2. Materials and Methods

The chosen object of this research was a mining company in Slovakia that deals with the mining of a raw material—limestone. It prepares the raw material, limestone, for various fractions, which it supplies for the construction industry. The mining company produces and sells raw material (Figure 2) for steel, building, cement, chemical, glass, and the agricultural industry. The highest demand of raw material—limestone—is in the steel industry, 49%. In order to expand its portfolio, the mining company must make significant changes in its production process in order to meet the demand for raw materials. This reason is the basic idea of the implementation of the new layout of mining process in the mining company. The mining company uses in the mining process the following equipment: crusher, sorter, three stationary sorting lines, belt conveyors, bigger storage space, tracked excavators, loaders, and exhausting equipment. In this mining process, mobile and stationary machines are used, and this equipment is in the reproduction phase of service life of machines. As the machines are in the reproduction phase, several failures occur, which represents a high cost for the mining company. The company must plan financial resources for new investments in the form of new machinery and equipment, because their functional condition and failure rate is very critical [25].

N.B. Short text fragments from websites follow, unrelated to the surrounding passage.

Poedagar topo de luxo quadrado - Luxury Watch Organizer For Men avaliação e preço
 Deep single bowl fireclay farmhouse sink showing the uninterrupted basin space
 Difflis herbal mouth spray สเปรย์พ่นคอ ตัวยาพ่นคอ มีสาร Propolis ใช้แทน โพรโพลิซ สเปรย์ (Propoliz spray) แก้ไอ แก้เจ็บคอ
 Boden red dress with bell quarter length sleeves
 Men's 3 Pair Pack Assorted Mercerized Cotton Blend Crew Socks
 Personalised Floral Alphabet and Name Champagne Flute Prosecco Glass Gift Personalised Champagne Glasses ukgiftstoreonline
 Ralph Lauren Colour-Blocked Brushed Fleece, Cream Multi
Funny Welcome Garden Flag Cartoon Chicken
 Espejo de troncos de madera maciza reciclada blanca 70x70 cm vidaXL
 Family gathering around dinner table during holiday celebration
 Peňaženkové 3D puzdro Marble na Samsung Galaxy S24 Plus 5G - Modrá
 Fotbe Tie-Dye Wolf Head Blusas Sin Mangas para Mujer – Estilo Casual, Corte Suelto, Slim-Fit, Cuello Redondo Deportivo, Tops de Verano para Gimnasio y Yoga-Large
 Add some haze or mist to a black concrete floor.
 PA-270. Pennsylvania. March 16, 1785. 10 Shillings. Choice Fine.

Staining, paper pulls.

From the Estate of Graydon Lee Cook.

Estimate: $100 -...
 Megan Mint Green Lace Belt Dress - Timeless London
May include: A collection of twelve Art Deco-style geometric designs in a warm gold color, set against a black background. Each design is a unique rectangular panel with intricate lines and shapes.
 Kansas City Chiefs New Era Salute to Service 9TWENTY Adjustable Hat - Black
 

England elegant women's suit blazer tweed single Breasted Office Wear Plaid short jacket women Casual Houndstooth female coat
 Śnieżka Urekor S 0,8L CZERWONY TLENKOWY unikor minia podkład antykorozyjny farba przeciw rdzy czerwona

The main mining process in the selected company consists of the following operations: mining, crushing, sorting, expedition, milling, packing, and expedition of raw material—limestone (Figure 3). The methods of research were focused on the use of technical indicators of selected machines and their benefits for innovations of Machine Park in mining company. Those data were obtained on the basis of offers from sellers of mining machines and existing firms at the selling market. They were used in an accessible database of information about mining machines. Some information was obtained by communication with sellers or by visit firms with mining machines. The technical parameters of mining machines belong between key performance indicators for evaluation performance of the mining companies. The quality management system in the firms present quality that impacts the quality of the product, quality of processes, quality of the materials, and quality of information [26]. The reason for technical parameters of mining machines was innovation of mining machines in the selected company and a financial situation that is connected with financial sources for innovation of mining machines. The company decided to use their own sources for innovation. The first phase in surface quarry mining is drilling work. Drilling is performed with a drilling rig that can drill horizontally or vertically. The blasted rock is moved from the individual floors using a crawler excavator. Already in this step, it is necessary to accept the transport costs because the raw material in some quarries is weighed by trucks, and these represent high transport costs. The raw material is loaded by a crawler excavator into a jaw crusher, which breaks the rock into smaller parts. Stationary and mobile sorting lines sort limestone into individual fractions using screens located inside the sorters. The purpose of sorting is to remove unwanted impurities, increase the concentration of the useful component of the raw material, and change the physical and chemical properties of the treated mineral. The treatment of the raw material significantly increases its usability in industry.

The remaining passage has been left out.